Closing with an additional comment that doing mod.stats shm is locking shared memory access and it is rather lengthy process in a loaded server with a lot of shm usage (it needs to do grouping for all allocated chunks under shm lock), therefore this is not recommended at all to execute it often, but rather avoid it. Better get the overall shm stats and in case one discover a potential leak or unexpected large use of shm, then leverage mod.stats shm to find the source of the behaviour.
The commits are in master branch, I am not sure yet if they should be backported, the design of those commands seemed to be more for troubleshooting (run it when out of memory to get the reports and then restart), rather than runtime continous monitoring (the above commits try to fix it, but due to lack of extensive testing there can be side effects, thus not rushing to backport changes related to memory manager interaction).

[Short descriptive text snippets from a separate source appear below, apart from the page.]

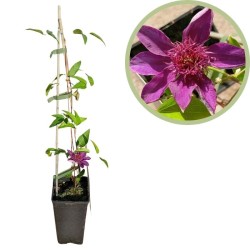 Clematides hagley hybrido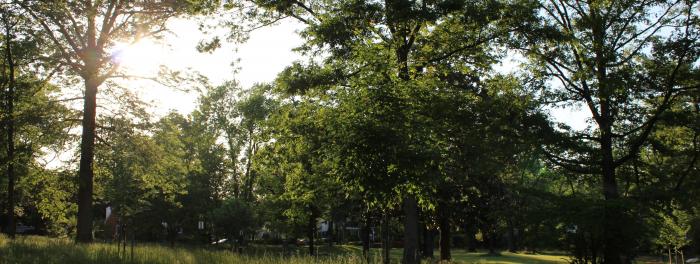 Kilmer Park and Arboretum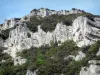 Sainte-Beaume gorges - Rock walls and vegetation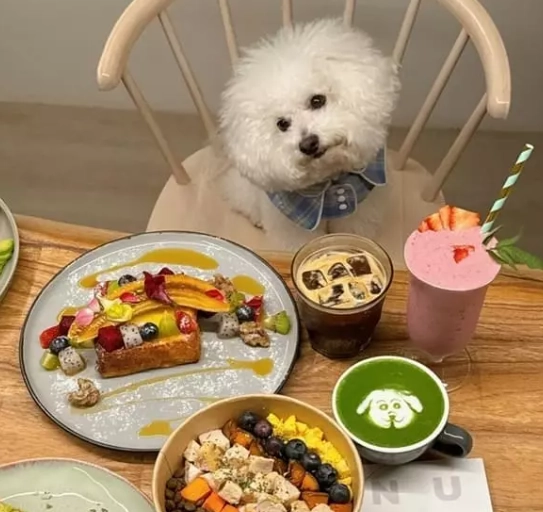 帶狗吃飯嘉義
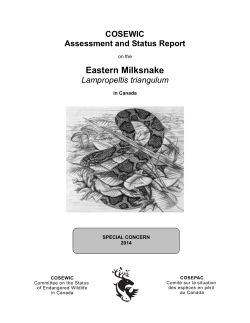 Eastern Milksnake,Lampropeltis triangulum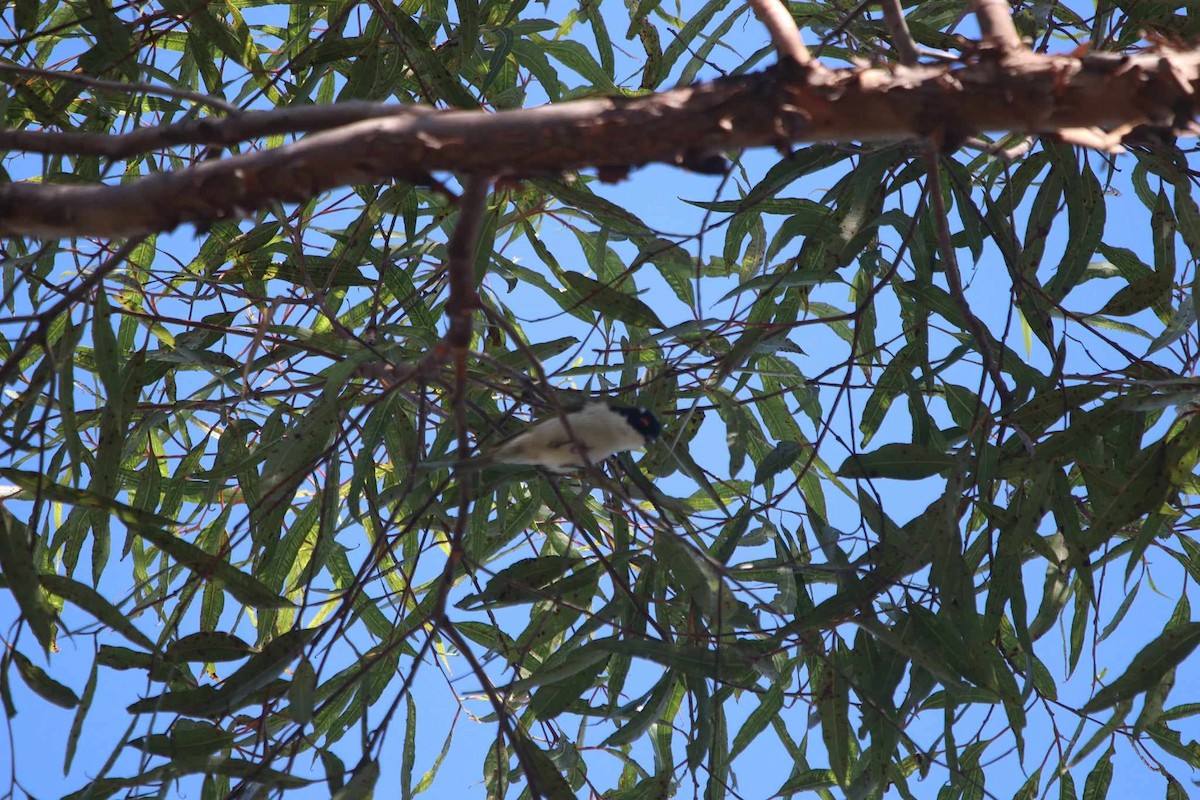 White-naped Honeyeater - ML616361372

For now, just avoid using these rpc commands.
Closed #2460.
Hi Daniel,
I've performed some load tests. The loading was about 400 calls per second on peak. In parallel, I started a script calling commands below with a frequency of 200 milliseconds:
``` /var/lib/ums/sbin/kamcmd -s udp:localhost:2048 stats.get_statistics websocket: /var/lib/ums/sbin/kamcmd -s udp:localhost:2048 stats.get_statistics tcp: /var/lib/ums/sbin/kamcmd -s udp:localhost:2048 stats.get_statistics shmem: /var/lib/ums/sbin/kamcmd -s udp:localhost:2048 mod.stats tls pkg /var/lib/ums/sbin/kamcmd -s udp:localhost:2048 mod.stats tls shm /var/lib/ums/sbin/kamcmd -s udp:localhost:2048 mod.stats websocket pkg /var/lib/ums/sbin/kamcmd -s udp:localhost:2048 mod.stats websocket shm /var/lib/ums/sbin/kamcmd -s udp:localhost:2048 mod.stats core shm
```
This is a graph of loading:

The tests have finished successfully, there were no any fails ocurred.
Andrey
OK, no longer crashing. The comments about over loading risks were expressed before, it's like locking a database table from an external source and kamailio needs to access it.
Thanks, I will take into account your comments.